In the past three years, Mongolia’s state budget revenue was cut by over one trillion MNT, and two to three budgetary amendments were made every year. The Minister said that the great budget deficit Mongolia has consistently faced over the last four years has been due to the economic crisis and inefficiently spending taxpayer money.

In accordance with the Law on Budget Sustainability, budget deficit shouldn’t exceed four percent of the GDP, 974.9 billion MNT. However, as of the first seven months of 2016, the nation’s budget deficit reached two trillion MNT.

Minister Choijilsuren said that if Mongolia doesn’t make amendments to the budget immediately and mitigate budget expenses, the nation’s budget expenditure will reach 10.3 trillion MNT with 5.1 trillion in deficits by the end of 2016, which would exceed the nation’s GDP by 21.1 percent.

The Finance Minister also emphasized concerns about illegal financing not included in the state budget.
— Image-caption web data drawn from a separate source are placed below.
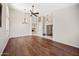 Spacious living room with hardwood floors, high ceilings, and elegant light fixtures at 14717 N 97Th Pl, Scottsdale, AZ 85260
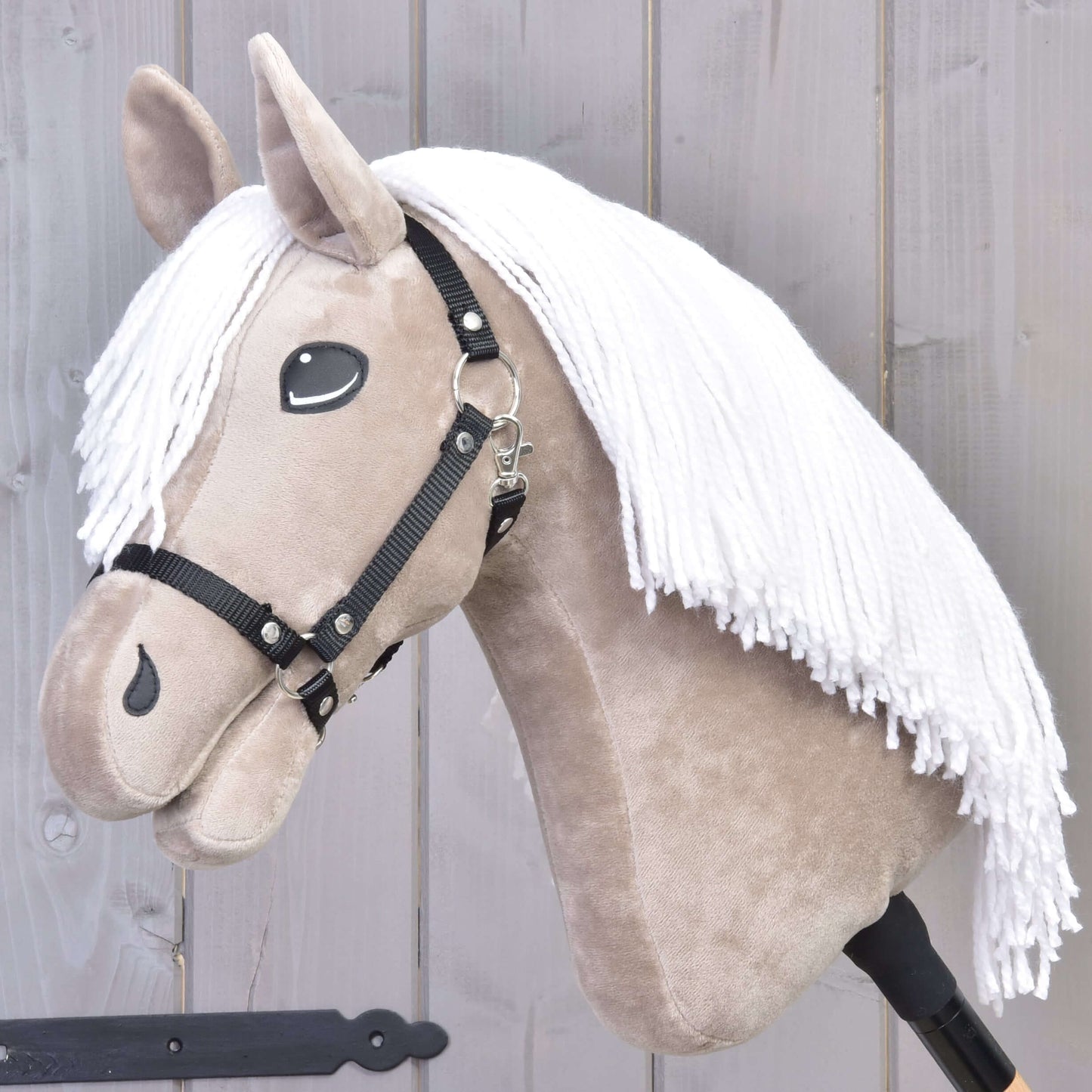 The Hobby Horse LarDen "Hobby Horse Blondie with Black Halter" features a beige face, white yarn mane, and black halter on a wooden stick, displayed against a light gray wooden background.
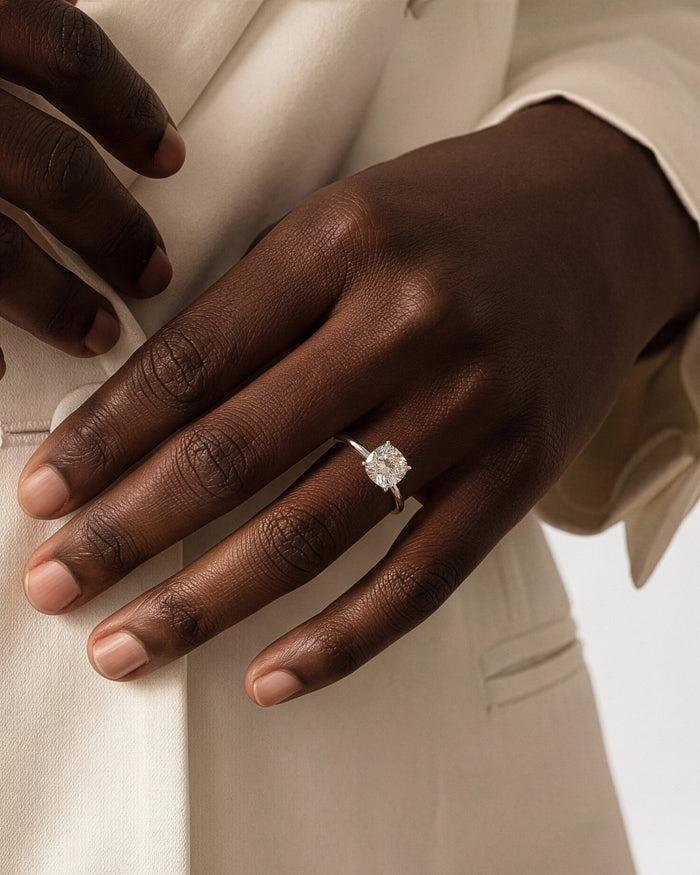 Square cushion lab grown diamond solitaire in white gold worn on the hand against a beige jacket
He said that when budget revenue was cut by 1.8 trillion MNT, the former cabinet increased budget expenditure by violating the Law on Budget and other laws, increasing the public’s debt.

Under their “Good” programs, the former cabinet approved the spending of nearly 1.14 trillion MNT, and issued 553.8 billion MNT to fund the programs, taking out 596 billion MNT in loans.


According to preliminary budget performance reports, Mongolia paid 37.2 billion MNT in loan interest in 2011, but the figure rose to 1.8 trillion MNT in 2016, which was 29 times higher than interest payment in 2012.

“Because the previous cabinet financed many projects and programs through loans, budget pressure and debt ceilings have increased, following which, loan interest payment is expected to intensively increase in the future. Mongolia is going to start paying bond repayment in 2017. We warn that because prices for mineral products have fallen in the international market, and because Mongolia’s foreign currency reserves are not sufficient and Mongolia’s credit rating was dropped to –B2, when the budget deficit is over one trillion MNT in 2016, it will be really difficult to pay the bond repayment,” underlined B.Choijilsuren.

A series of graphs were presented to illustrate the data being discussed. “If we pay all of our debts in accordance with these graphics, and don’t take out any additional loans, the government has only 1.3 trillion MNT to finance all of its operations. This is not even sufficient to issue salaries to state servants, and the Cabinet would need 5.8 trillion MNT to conduct its operations.” the Minister said.

The Minister said that it was right to present the public with the realities of the state budget, and the economic and financial crisis in Mongolia. “Even though the economic situation is challenging, the Cabinet is feeling positive about the nation’s future and is working on a comprehensive plan to overcome these difficulties,” he said.

At the end of his statement, B.Choijilsuren said that the Cabinet will present its plan to the National Security Council, Parliament, and the public.

Following the Finance Minister’s speech, former Speaker of Parliament Z.Enkhbold made a statement on his Facebook page, giving advice to the new Finance Minister. Z.Enkhbold suggested that the Finance Minister give interviews after becoming well acquainted with his job, and said that the nation’s state budget equaled one trillion MNT, like it has over the last four years. He said B.Choijilsuren, who has been part of the budget working group every year, and Prime Minister J.Erdenebat, a former finance minister, know this situation well.

The former speaker also said, “The Finance Minister could ask the Finance Ministry and learn that the five percent interest rate housing program, and the Good herder, fence, share, and student programs are not included in the state budget. Individuals will repay their debts, not the state. Thanks to these programs, interest rates of 33 percent for loans issued were changed from two digits to one digit.”

He added, “Please don’t politicize the budget deficit and to stop these good policies, and get back to work. The elections have finished.”